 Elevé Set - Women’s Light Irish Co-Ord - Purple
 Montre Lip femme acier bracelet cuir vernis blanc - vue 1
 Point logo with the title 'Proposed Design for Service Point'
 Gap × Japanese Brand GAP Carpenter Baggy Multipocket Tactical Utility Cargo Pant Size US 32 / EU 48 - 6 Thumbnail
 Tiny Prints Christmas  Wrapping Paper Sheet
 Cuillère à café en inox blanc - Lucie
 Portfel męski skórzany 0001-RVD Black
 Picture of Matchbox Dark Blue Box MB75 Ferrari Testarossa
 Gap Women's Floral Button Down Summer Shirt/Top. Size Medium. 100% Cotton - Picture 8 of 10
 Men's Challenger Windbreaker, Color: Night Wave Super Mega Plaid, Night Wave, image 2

-=-=-

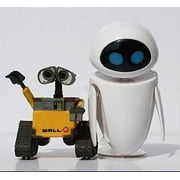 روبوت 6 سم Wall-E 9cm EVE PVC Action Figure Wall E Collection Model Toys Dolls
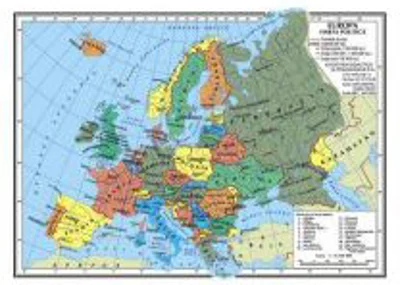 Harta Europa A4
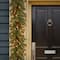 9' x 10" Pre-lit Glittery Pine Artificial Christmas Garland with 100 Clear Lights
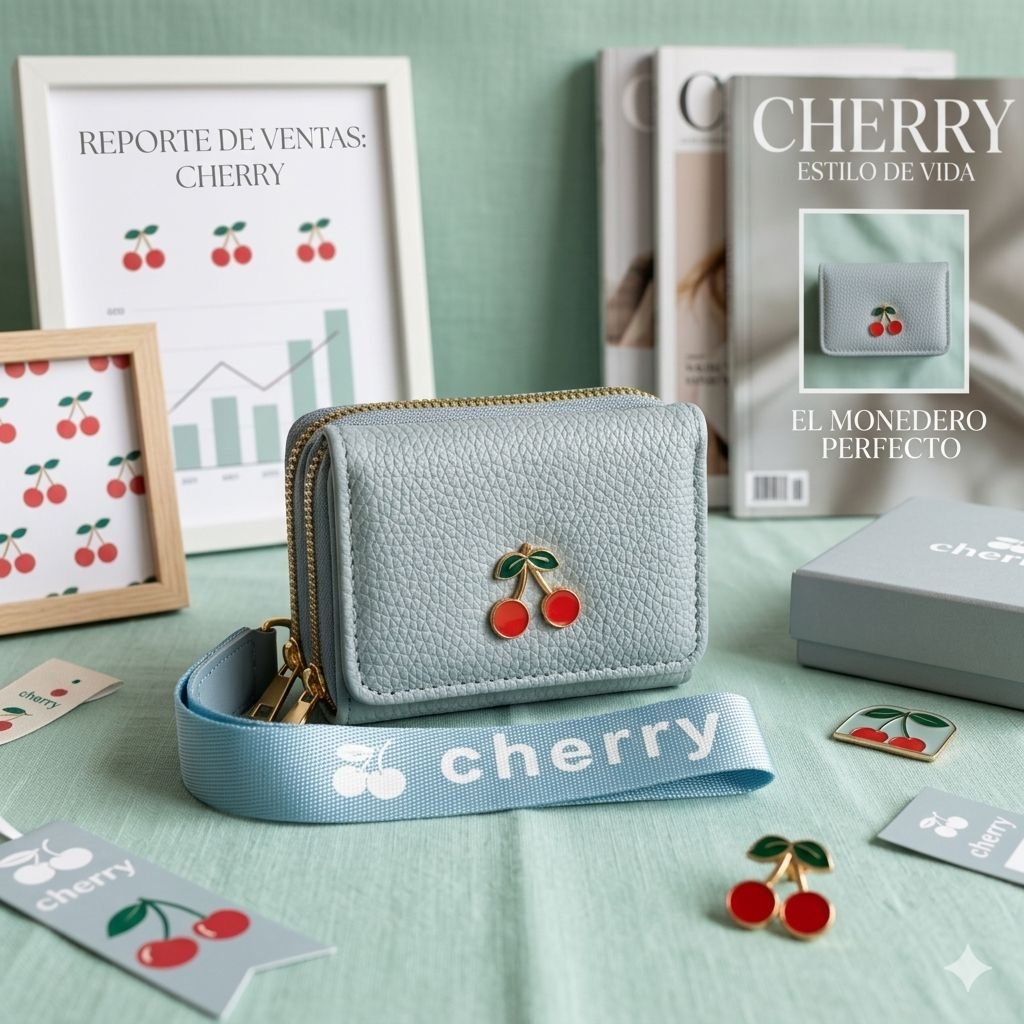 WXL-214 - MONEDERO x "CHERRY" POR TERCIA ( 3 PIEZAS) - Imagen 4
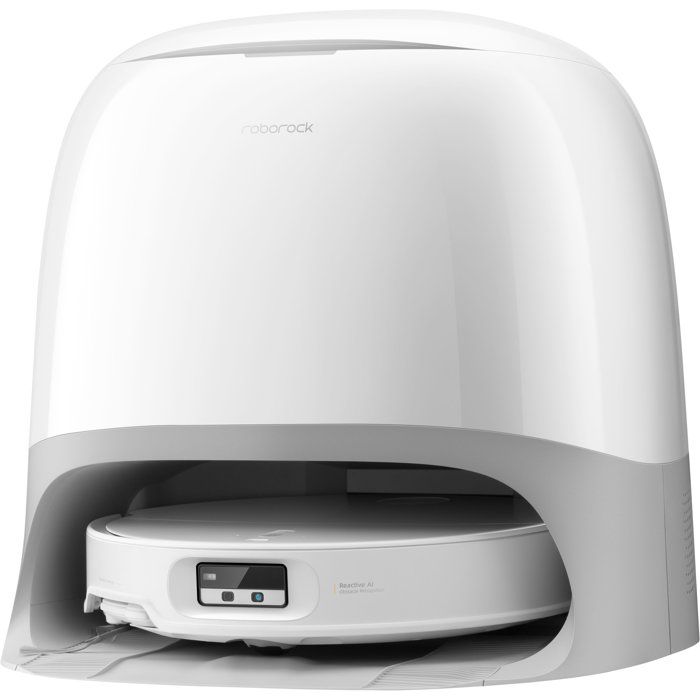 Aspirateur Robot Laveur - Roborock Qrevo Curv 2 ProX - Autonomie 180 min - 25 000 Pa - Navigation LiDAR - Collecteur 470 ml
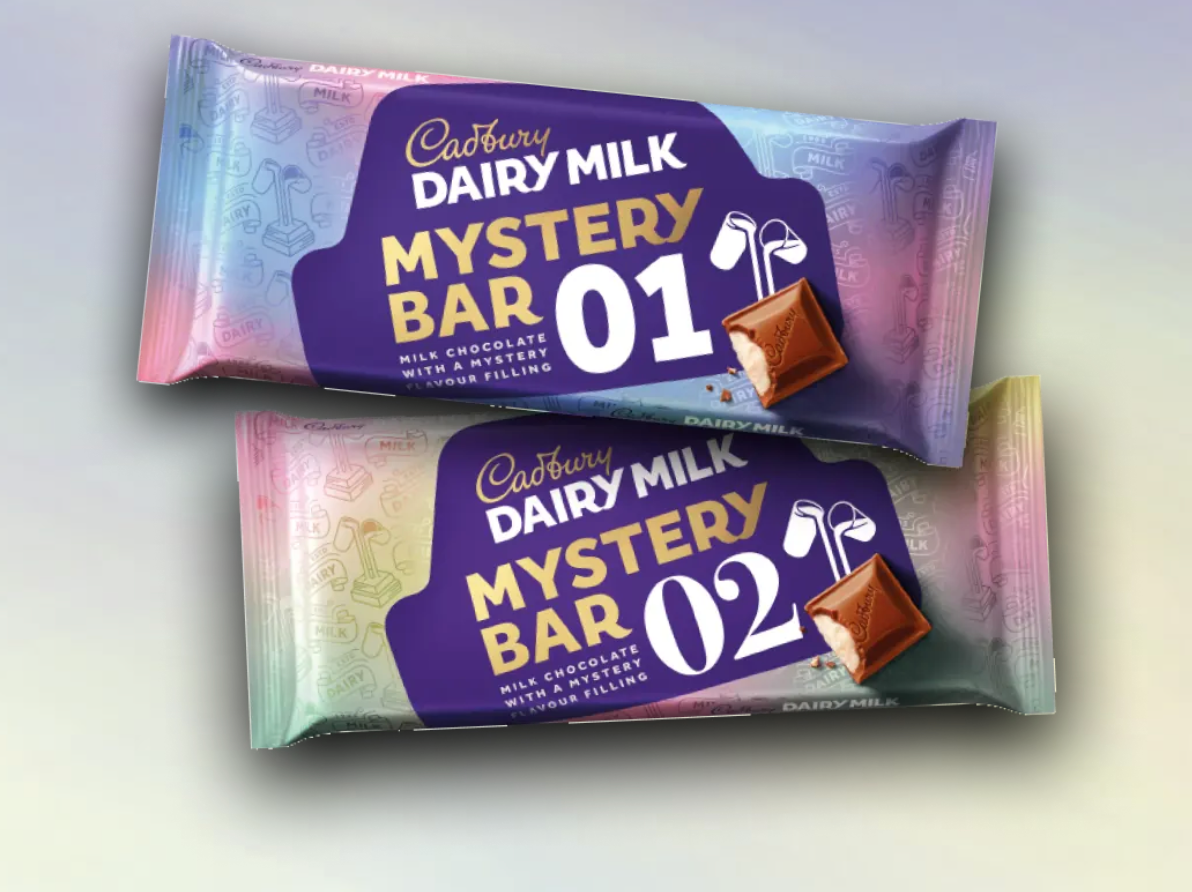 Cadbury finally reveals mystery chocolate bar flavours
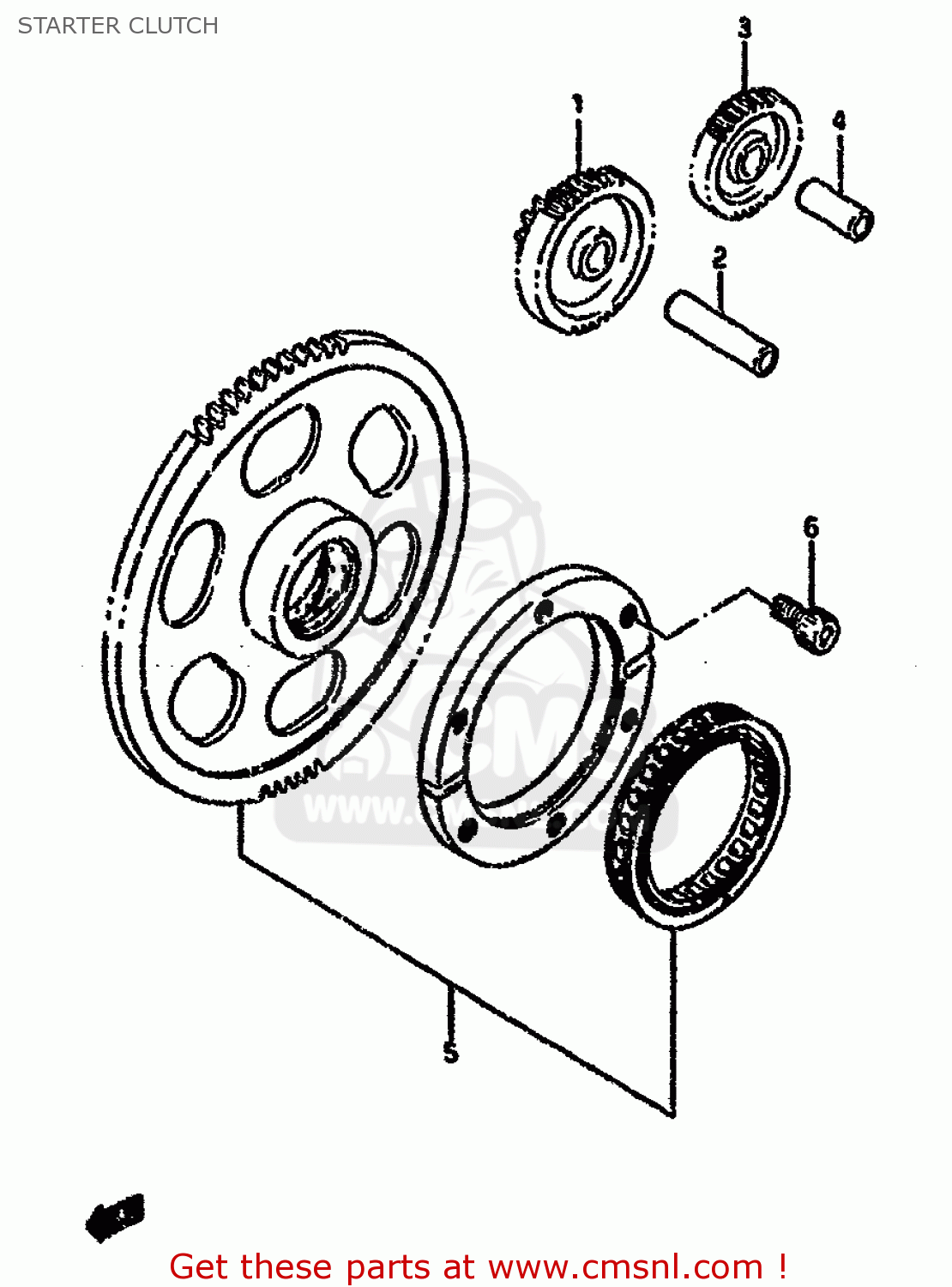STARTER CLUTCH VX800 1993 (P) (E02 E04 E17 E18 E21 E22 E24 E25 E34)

-=-=-

Work request
In the data above, find the line with "Picture of Matchbox" and the line with "Men's Challenger Windbreaker, Color: Night". Retype both, plus every line between them, exactly.

Exercise result
 Picture of Matchbox Dark Blue Box MB75 Ferrari Testarossa
 Gap Women's Floral Button Down Summer Shirt/Top. Size Medium. 100% Cotton - Picture 8 of 10
 Men's Challenger Windbreaker, Color: Night Wave Super Mega Plaid, Night Wave, image 2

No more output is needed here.